The first gemstone listed in the second row of the breastplate (Exodus 28:18) is the Hebrew word nophek (Strong's #H5306). As stated in our entry for carbuncles, this likely refers to a precious stone known as a red garnet. However, the possibility exists that this word could be rendered as "turquoise" given that six out of the ten Scripture versions used for comparison purposes in this series translate it as such. The same six out of ten versions of Holy writ also translate nophek, stated as the eighth stone which adorned the symbolic King of Tyre (Ezekiel 28:13), as "turquoise."
The English word "turquoise" actually comes from the French word for Turkey (Turks or Turkish), which was believed to be the location from which it was found and sent to Europe.

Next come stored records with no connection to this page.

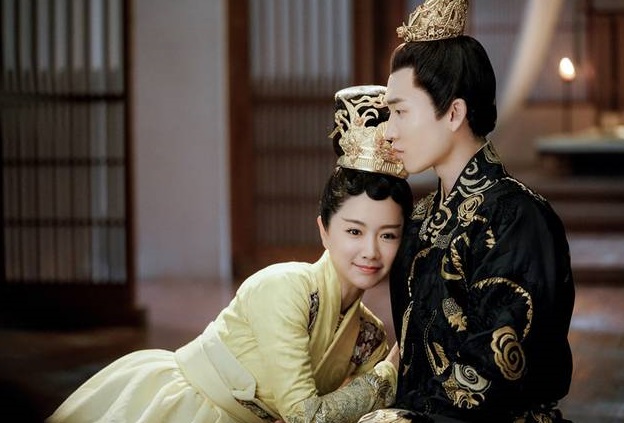 她是《凤囚凰》中腹黑女,也是《乘风破浪》发廊妹,现实中她更美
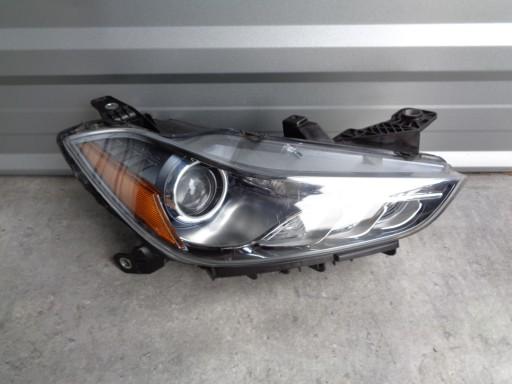 Maserati Ghibli Xenon правий USA поворот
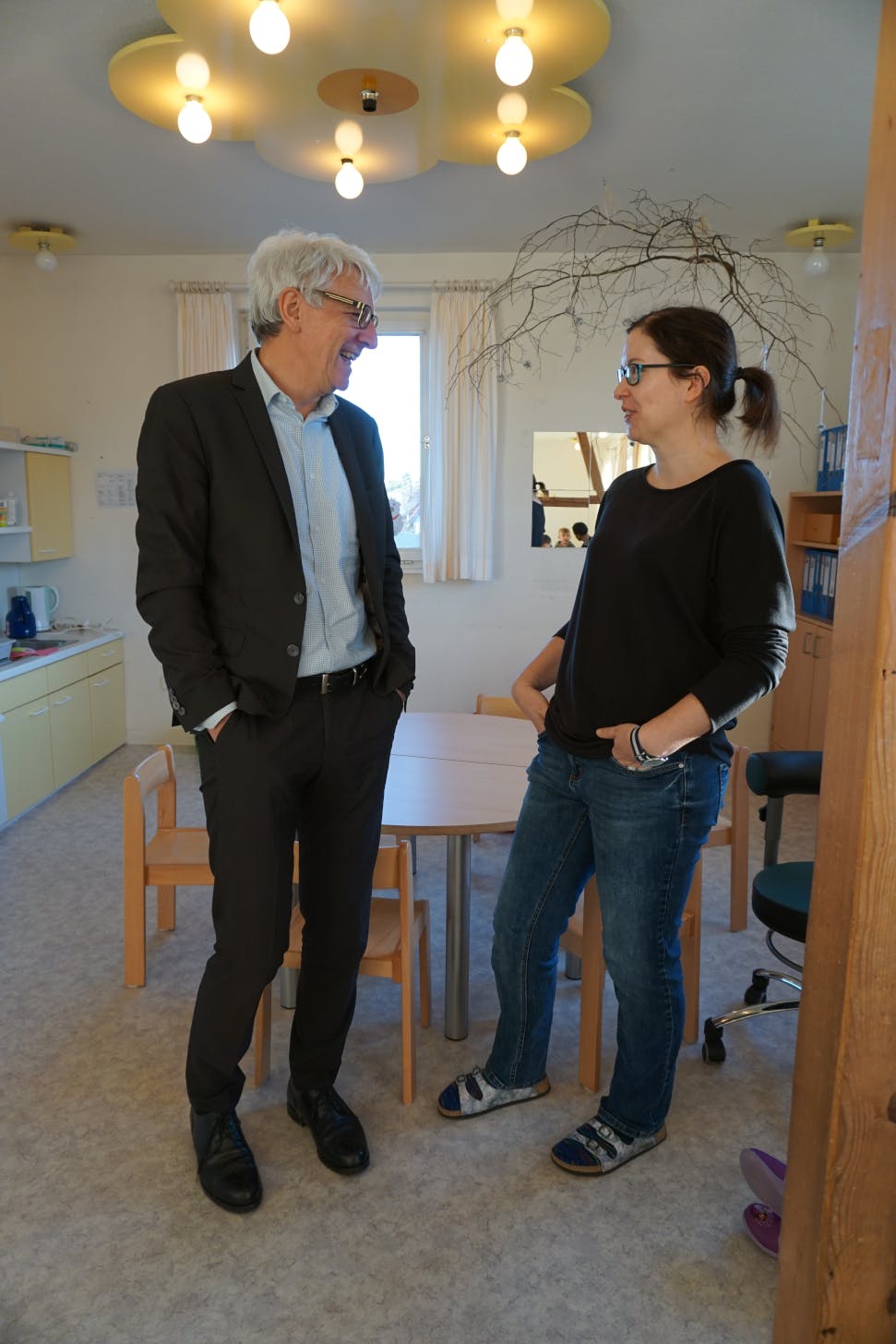Bürgermeister Hoffmann im Gespräch mit Katharina Beck, Leiterin des Kindergartens Rotensol. © Stadt Bad Herrenalb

According to a USGS article on this precious stone, a robin's egg blue version of this stone was worn by Aztec kings and the Pharaohs of Egypt. This gem is believed to have been one of the first ones used by man. Two of the oldest known areas for mining this stone are the Alimersai Mountain in Iran and in Egypt's Sinai Peninsula. In modern times, the United States is the world's largest producer of gem-quality turquoise.
In the early seventeenth century it was stated that no Englishman (women rarely wore the gem) considered his hand "well adorned" unless he wore on it a quality turquoise stone (Curious Lore of Precious Stones, page 111).
It was once believed that these stones, like diamonds, possessed talisman-like powers. These powers, however, only manifested themselves if the stone was received as a gift. If the gem were bought, however, the "spirit" which was believed to give it its power would leave the stone and render it useless (Curious Lore of Precious Stones, page 73).
Turquoise was believed to protect the wearer if he or she fell and to signal an approaching disaster by breaking into several pieces. Horses that wore the stone were protected from the bad effects of drinking cold water after exertion (ibid. page 109).
Skepticism regarding the seeming magical powers of stones has been voiced throughout history. One such example occurred during the reign of Emperor Charles V (who ruled over the Holy Roman Empire from 1519 to 1556 A.D.). When Charles asked a court jester, "What is the property of the turquoise?" he got the following response.
"'Why,' replied he (the jester), 'if you should happen to fall from a high tower whilst you were wearing a turquoise on your finger, the turquoise would remain unbroken'" (ibid. page 24)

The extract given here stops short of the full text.